When the string "Miss" is part of a line below, that line should be copied.

§ **Records shown**:
◆ ◆ ◆ ◆
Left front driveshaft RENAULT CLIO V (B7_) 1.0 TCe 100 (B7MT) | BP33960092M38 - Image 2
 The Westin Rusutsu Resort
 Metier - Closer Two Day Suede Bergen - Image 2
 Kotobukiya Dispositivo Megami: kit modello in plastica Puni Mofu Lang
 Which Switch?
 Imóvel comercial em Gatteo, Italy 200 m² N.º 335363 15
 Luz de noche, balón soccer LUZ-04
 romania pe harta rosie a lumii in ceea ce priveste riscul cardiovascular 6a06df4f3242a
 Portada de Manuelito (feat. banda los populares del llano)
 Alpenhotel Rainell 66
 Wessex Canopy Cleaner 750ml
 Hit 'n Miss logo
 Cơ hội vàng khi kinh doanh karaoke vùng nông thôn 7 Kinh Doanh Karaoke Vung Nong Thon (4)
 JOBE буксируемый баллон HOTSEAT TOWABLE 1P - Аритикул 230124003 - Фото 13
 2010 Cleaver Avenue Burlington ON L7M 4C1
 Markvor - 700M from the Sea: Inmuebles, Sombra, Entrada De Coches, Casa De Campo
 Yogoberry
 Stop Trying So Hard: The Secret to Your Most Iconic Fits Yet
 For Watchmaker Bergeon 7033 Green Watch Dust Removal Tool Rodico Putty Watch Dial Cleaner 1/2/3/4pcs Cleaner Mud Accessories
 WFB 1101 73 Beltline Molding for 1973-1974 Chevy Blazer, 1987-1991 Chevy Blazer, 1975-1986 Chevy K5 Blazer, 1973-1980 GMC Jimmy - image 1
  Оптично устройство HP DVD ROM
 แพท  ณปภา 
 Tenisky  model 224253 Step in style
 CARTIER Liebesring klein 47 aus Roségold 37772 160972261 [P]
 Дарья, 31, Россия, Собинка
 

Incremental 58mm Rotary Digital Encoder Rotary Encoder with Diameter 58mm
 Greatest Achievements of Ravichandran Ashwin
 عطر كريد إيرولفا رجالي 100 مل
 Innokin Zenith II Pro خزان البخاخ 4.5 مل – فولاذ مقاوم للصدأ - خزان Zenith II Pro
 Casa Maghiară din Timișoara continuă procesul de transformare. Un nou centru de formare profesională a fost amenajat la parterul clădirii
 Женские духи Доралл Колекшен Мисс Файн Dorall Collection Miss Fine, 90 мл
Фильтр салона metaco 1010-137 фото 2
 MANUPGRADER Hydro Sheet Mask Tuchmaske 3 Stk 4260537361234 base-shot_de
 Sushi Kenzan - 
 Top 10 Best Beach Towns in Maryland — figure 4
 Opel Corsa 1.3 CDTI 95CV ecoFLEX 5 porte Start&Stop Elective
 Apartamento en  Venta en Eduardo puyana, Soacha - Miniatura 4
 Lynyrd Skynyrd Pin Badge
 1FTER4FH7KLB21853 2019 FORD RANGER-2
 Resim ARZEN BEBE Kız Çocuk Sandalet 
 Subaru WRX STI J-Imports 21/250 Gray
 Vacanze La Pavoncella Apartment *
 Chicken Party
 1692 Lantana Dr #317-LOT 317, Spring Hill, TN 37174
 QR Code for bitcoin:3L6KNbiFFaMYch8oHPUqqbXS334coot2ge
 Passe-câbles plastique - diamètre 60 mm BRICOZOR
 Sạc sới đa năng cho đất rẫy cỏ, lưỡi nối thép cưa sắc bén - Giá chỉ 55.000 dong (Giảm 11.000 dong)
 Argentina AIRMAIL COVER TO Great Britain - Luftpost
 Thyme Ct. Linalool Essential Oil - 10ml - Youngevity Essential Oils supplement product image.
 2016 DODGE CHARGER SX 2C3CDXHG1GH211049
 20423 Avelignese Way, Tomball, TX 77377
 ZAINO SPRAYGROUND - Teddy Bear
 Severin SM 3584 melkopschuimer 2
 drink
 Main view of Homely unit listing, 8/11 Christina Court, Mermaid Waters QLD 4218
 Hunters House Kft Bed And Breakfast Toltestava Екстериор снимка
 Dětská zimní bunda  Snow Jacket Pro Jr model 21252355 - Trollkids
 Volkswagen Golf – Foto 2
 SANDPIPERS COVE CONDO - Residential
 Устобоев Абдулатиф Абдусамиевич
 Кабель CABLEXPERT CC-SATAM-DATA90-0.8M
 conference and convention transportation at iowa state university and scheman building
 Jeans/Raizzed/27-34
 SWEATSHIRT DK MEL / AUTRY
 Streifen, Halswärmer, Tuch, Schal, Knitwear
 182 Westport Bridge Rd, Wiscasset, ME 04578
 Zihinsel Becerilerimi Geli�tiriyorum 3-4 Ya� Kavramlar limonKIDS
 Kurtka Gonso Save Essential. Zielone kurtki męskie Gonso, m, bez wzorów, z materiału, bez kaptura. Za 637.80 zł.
◆ ◆ ◆ ◆
§ **Your solution**:
 Hit 'n Miss logo
 Женские духи Доралл Колекшен Мисс Файн Dorall Collection Miss Fine, 90 мл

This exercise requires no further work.